HRI-Konjunktur-Ausblick

Auftragspolster, Eurokurs, staatlicher Wohnungsbau: Das sind die Lichtblicke für die Konjunktur

Von: Axel Schrinner

Die deutsche Volkswirtschaft steht am Beginn einer neuen Rezession. Bürger und Betreibe ächzen unter der Inflation. Wann wird das Stimmungstief überwunden?

Die Auftragsbücher der deutschen Industrie sind prall gefüllt. dpa

Schweißerin

Die Auftragsbücher der deutschen Industrie sind prall gefüllt.

Düsseldorf Für die deutsche Volkswirtschaft kommt es gerade knüppeldick. Frühindikatoren wie das Ifo-Geschäftsklima und das HDE-Konsumbarometer weisen steil nach unten und der Markit-Einkaufsmanager-Index stürzte am Montag auf den tiefsten Wert seit 29 Monaten. Vom Finanzdienstleister Bloomberg befragte Ökonomen erwarten im Mittel, dass die Wirtschaft im zu Ende gegangenen dritten Quartal leicht um 0,2 Prozent geschrumpft ist und diesem hellroten Quartal zwei weitere dunkelrote folgen werden. Zum Frühjahrsbeginn 2023 dürfte die Wirtschaftsleistung knapp unter das Niveau vom Frühjahr 2018 gesunken sein.

Dass es noch weit schlimmer kommen könnte, zeigt ein Risikoszenario der führenden Wirtschaftsforschungsinstitute. Demnach könnte die Konjunktur bei einem sehr kalten Winter sowie geringeren Gaseinspeicherungen sowohl im ersten Quartal 2023 als auch 2024 massiv einbrechen. Auf das Gesamtjahr hochgerechnet würde das Bruttoinlandsprodukt 2023 um knapp acht Prozent und 2024 um weitere gut vier Prozent schrumpfen. Die Wirtschaftsleistung wäre 2024 dann niedriger als 2011.

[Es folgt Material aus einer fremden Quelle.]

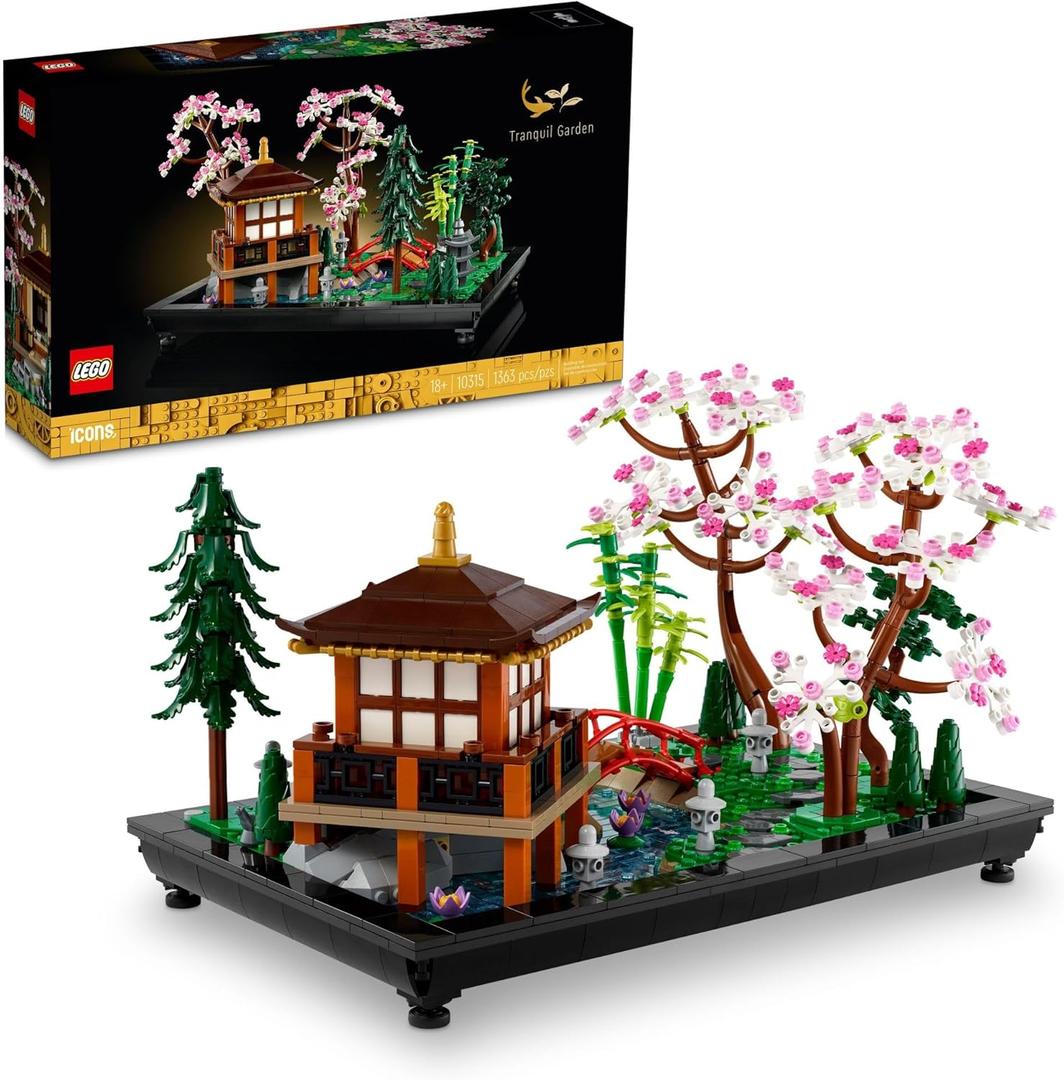 LEGO Icons Tranquil Garden Building Set - Detailed Japanese Zen Garden DIY Kit for Adults, Ages 18+ - Gift for Birthday - Building Block Set for Home Decor - 10315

Nun sind auch Konjunkturforscher nicht dagegen gefeit, sich zu stark vom tagesaktuellen Geschehen beeinflussen zu lassen. Auf dem Höhepunkt der Coronapandemie wurden sowohl der Einbruch als auch die anschließende Erholung deutlich überschätzt. Ähnliches geschah im Winter 2008/09, als infolge der Finanzkrise die Wirtschaft einbrach.

Der Grund: Modelle, die die Folgen solcher singulären Ereignisse abschätzen, existieren nicht – damals wie heute. Empirisch getestete Konjunkturmodelle, die die Energiesicherheit in Frage stellen, gibt es ebenso wenig wie entsprechende Daten dazu aus der Vergangenheit.

Bei der Bewertung der aktuellen Lage ist also viel Bauchgefühl im Spiel – und nicht zuletzt deshalb ist ein kühler Kopf gefragt. Schließlich hat die deutsche Wirtschaft schon viele Krisen überstanden. Auch jetzt gibt es Lichtblicke für die Konjunktur.

Dickes Auftragspolster

Monat für Monat markiert der Auftragsbestand im Verarbeitenden Gewerbe neue Rekordwerte. Nach jüngsten Daten könnten die Betriebe bei gleichbleibendem Umsatz ohne neue Auftragseingänge theoretisch für acht Monate produzieren.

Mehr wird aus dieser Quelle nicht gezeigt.